[Opening MATERIAL TO PROCESS section]

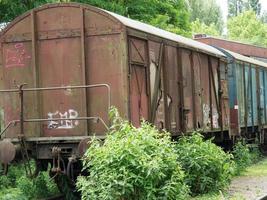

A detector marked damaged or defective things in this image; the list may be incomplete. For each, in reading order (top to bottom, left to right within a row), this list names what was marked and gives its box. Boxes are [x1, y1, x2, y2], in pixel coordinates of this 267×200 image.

rusty freight car [0, 3, 230, 177]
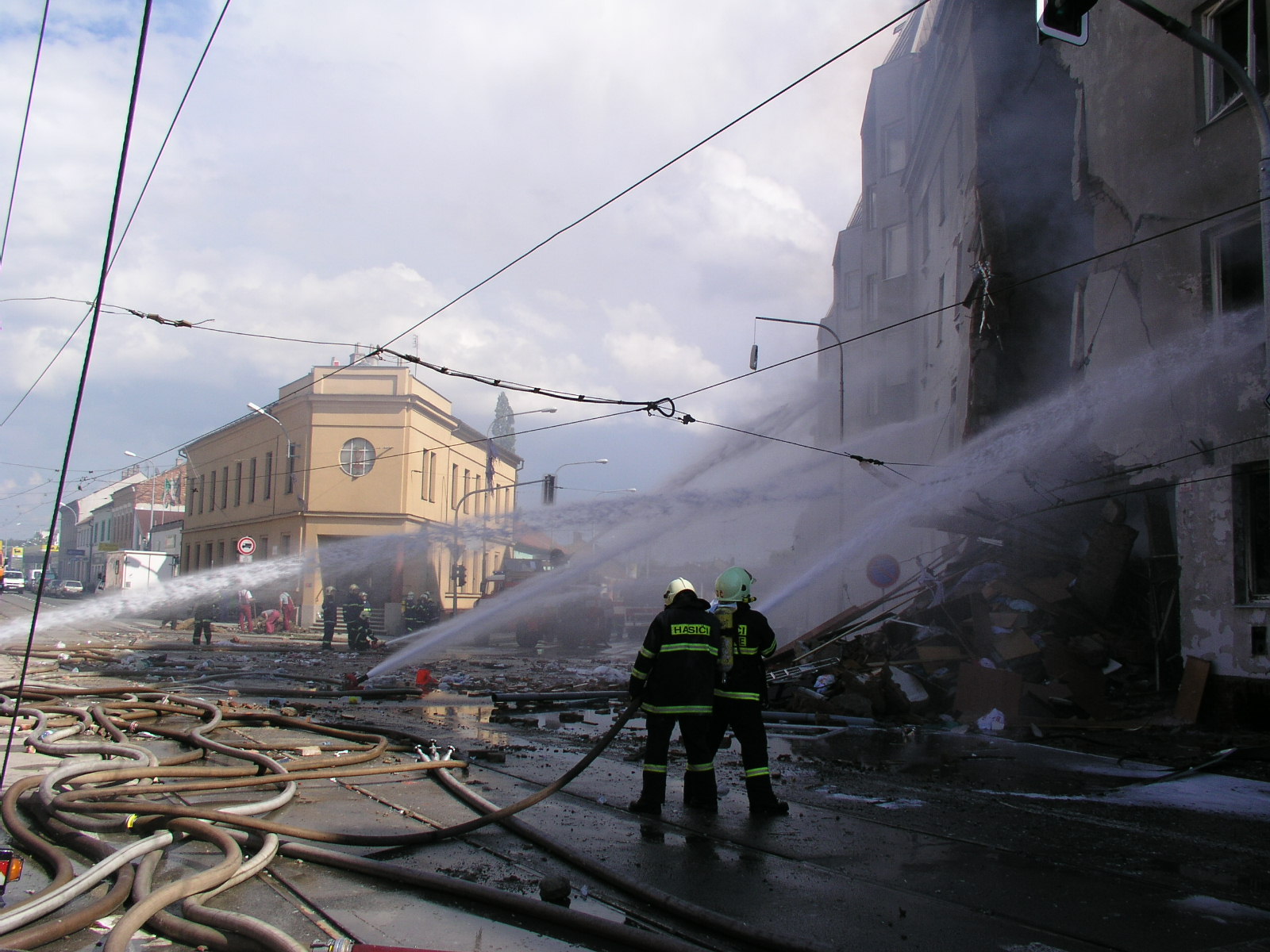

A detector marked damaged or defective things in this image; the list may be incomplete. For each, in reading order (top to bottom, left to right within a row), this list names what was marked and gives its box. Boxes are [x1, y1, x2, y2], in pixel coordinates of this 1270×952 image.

broken window [1200, 0, 1270, 121]
broken window [1206, 217, 1264, 317]
damaged facade [813, 2, 1270, 730]
broken window [1232, 463, 1270, 603]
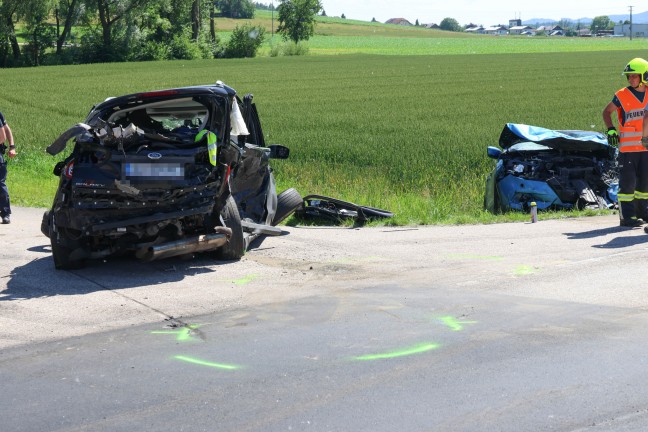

[Closing MATERIAL TO PROCESS section]

● **WHAT IS REQUIRED**
An exact copy of every entry above is needed, with the pictures left out.

● **PROBLEM SOLUTION**
A detector marked damaged or defective things in this image; the list may be incomplete. For each, in reading order (top to bottom, left to right within a row), this list names what was marked and gives its box. Boxes are [x1, y1, x2, y2], in pixel coordinates of this 267×200 image.

rusty freight car [0, 3, 230, 177]

A detector marked damaged or defective things in this image; the list may be incomplete. For each, in reading order (top to bottom, left to right within a row), this list names what was marked and gives its box. Boxes are [x1, y1, x2, y2], in pixel coordinates of this 1270×952 image.

broken window [1200, 0, 1270, 121]
broken window [1206, 217, 1264, 317]
damaged facade [813, 2, 1270, 730]
broken window [1232, 463, 1270, 603]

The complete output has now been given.